Both cases were related to arrays of objects (not on the LOH heap), that
were being allocated at the start of an operation. Both cases were running
on multi-core x86 machines, with the GC operating in Server mode.
The code, in essence, looked like:
ProcessTransaction()
{
PreLoadDatabaseData allData[] = DataLayer.GetAllUserData[...]
// Lots of complex synchronous operations here.
// We hit LDAP, AD, WMI, Sockets, Files, and Databases.
// We really leverage Reflection, Dynamic Method Invokation,
// and custom attributes.
// This method is recursive, as Transactions often kick off
// other transactions.
// There is also quite a bit of concurrency going
// on with various shared datastructures.
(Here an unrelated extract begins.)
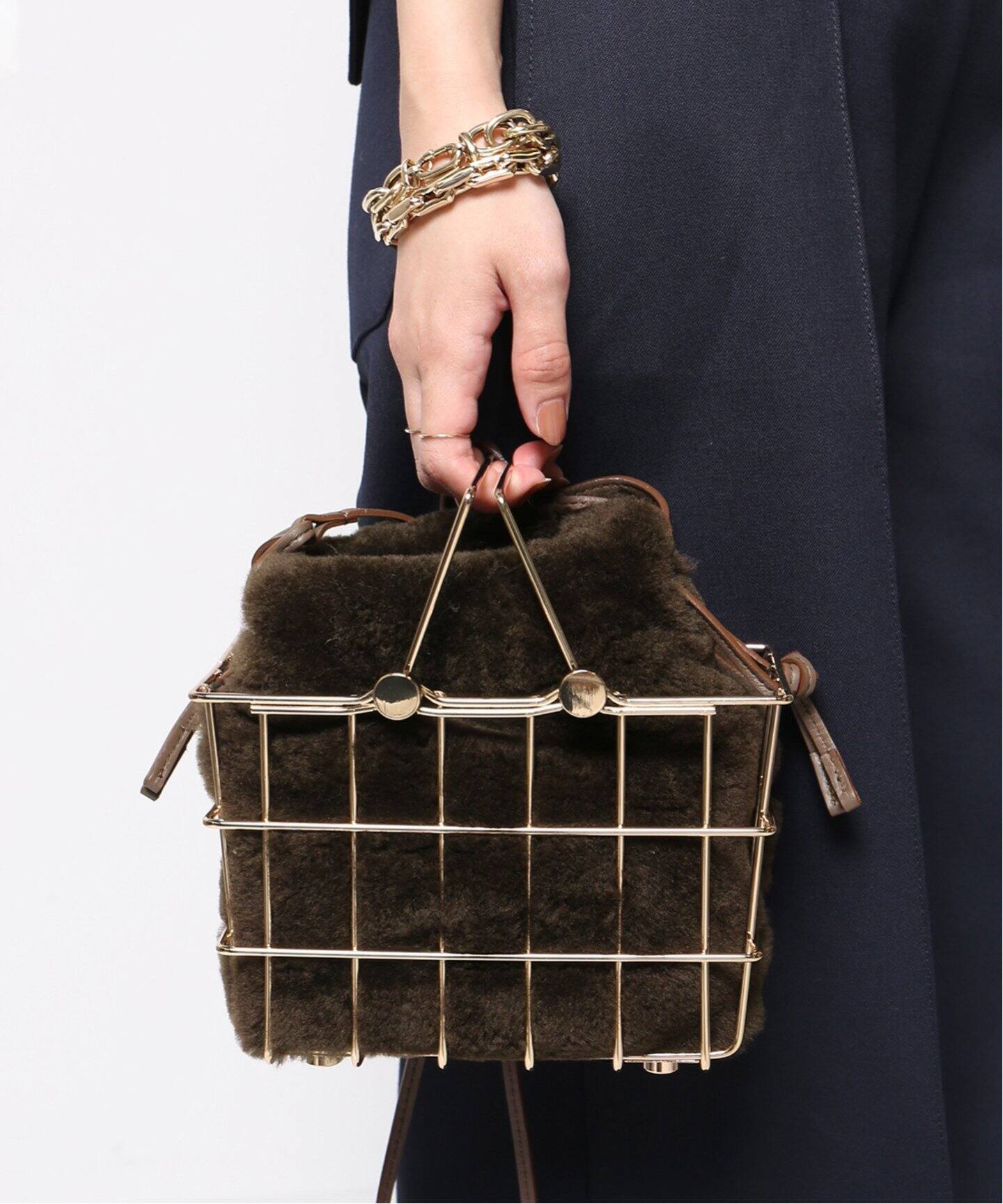 ZANCHETTI/ザンケッティ】SHEEPSKIN MARKET バッグ（その他バッグ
// variable should go out of scope here.
}
We would see this variable, state data, stay around forever. I was able to
confirm with both Scitech and SOS that things were not referenced by
anything, yet the data would never be cleaned up.
Much to my surprise, the solution was to add in "allData=null;" to the end
of the method. I've got lots of angry comments in my source code, none of
which are at all suitable for publication!
Both times this happened, I spent a signifigant amount of time trying to
duplicate the problem in a more "unit test" type of case. In both cases, I
failed - even keeping the object heirarchy, all the polymorphic classes, and
such, everything would work great in a unit test scenario. I didn't keep
track of the particular revision of .Net I was using, and I haven't removed
the code and tested on the newest revision to the platform.
In both cases, we discovered the problem via MiniDumps sent to us by
customers who were seeing OOM. And before the obvious question is asked, I
do (very well!) understand the difference between "eligible for GC, but
hasn't been collected yet" and "Why the f*ck doesn't this get collected?".
Disclaimer:
Before people jump on this post as support for "I should always set my
variables to null when I'm done with them", I feel the need to pre-empt that
argument. Please don't do it. Don't set your variables to null! Use the GC
correctly. It's your friend. Don't fight with it. Besides, setting your
stuff to null actually keeps the references around longer in many cases.
This is 2 examples out of lots and lots and lots of code, running on
thousands of installations with crazy load and throughput requrements. This
stuff also runs on x86 / x64 / IA64, works well in all cases, and is
frightfully complex. Your code just isn't this complex. Really. If you think
it is, and you think you really need to do this, hire me to do an evaluation
of your code base, and I'll let you know.